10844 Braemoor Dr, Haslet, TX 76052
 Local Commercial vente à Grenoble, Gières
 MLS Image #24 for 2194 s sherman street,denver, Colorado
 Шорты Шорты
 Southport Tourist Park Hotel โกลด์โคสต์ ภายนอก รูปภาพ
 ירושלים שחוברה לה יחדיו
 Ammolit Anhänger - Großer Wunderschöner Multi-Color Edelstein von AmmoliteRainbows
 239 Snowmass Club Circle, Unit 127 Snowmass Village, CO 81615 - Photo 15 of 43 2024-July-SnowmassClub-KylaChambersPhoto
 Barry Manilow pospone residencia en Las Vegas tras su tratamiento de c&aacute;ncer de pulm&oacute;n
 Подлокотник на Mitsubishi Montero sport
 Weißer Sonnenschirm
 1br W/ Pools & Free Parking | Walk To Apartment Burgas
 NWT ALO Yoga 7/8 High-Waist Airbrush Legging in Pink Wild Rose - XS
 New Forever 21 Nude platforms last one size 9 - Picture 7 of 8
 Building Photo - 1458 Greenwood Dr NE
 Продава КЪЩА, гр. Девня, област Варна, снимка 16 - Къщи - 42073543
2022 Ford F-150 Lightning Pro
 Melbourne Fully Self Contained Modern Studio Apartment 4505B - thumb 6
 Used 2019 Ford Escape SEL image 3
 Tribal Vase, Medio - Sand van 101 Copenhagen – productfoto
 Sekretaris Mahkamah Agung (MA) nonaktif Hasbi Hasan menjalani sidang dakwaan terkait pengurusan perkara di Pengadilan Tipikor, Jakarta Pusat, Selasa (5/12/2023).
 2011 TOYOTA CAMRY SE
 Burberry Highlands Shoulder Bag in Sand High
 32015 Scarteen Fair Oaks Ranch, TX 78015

#### WHAT TO DO
Identify the lines above that contain the word "High", then copy them.

#### RESULT OF THE EXERCISE
 NWT ALO Yoga 7/8 High-Waist Airbrush Legging in Pink Wild Rose - XS
 Burberry Highlands Shoulder Bag in Sand High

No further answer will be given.